Patrick Ruffini makes a very valid point about “Joe The Plumber”

I hate to say it, But I have to agree with this:

A movement self-confident in its place in American society would not have made Joe the Plumber a bigger story than he actually was. Since its very beginnings as a movement, conservatism has bought into liberalism’s dominant place in the American political process. They controlled all the major institutions: the media, academia, Hollywood, the Democratic Party, large segments of the Republican Party, and consequently, the government. Liberalism’s image of conservatives in the ’50s and ’60s as paranoid Birchers gave birth to a conservative movement self-conscious of its minority status. As in any tribe that is small in number and can’t fully trust its most natural allies (i.e. the business community or the Republican Party), the meta-debate of who is inside and outside the tribe is magnified exponentially.

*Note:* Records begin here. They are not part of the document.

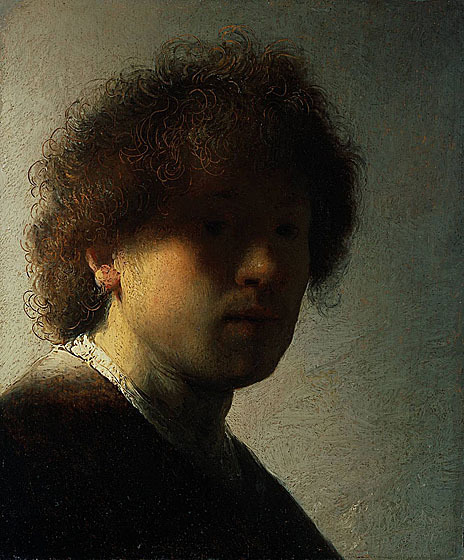 Rembrandt Self Portrait 1628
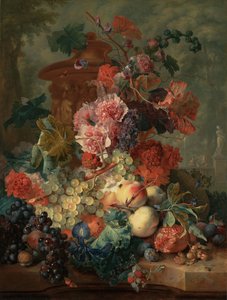 水果片 作者 扬·范·休森（Jan van Huysum）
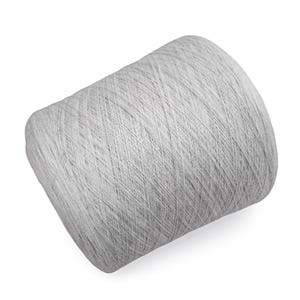 Grey Merino Yarn on Cone, Lace Weight Wool for Hand Knitting, Crocheting Projects Machine Knitting, & Weaving, Soft Wool Yarn for Knitting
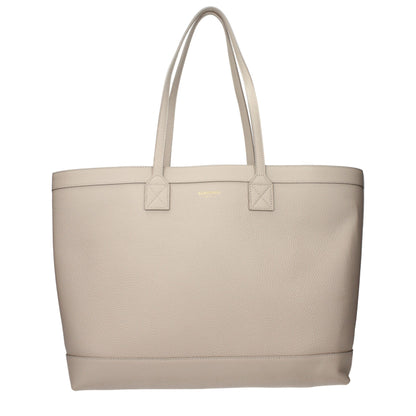 Beige Leather Shoulder Bag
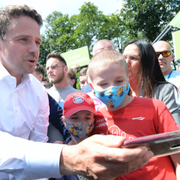 Rafal Trzaskowski och Andrzej Duda.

via The Joe-the-Plumberization of the GOP | The Next Right.

I have to agree with Patrick here. (I feel like I am agree with myself! ;)) Besides, Joe, with the bald head business, gives the G.O.P. that whole Nazi Skinhead look. Which is not the image that the Republican Party want to give to the American people.

I mean, do not misunderstand me here, I am all for the sticking up for the rights of the Anglo-Saxon Americans, but I really do not think we should be doing this without the typical visual stereo-types and demagoguery that is so prevalent on the left.

….besides, the dude is not even a real plumber!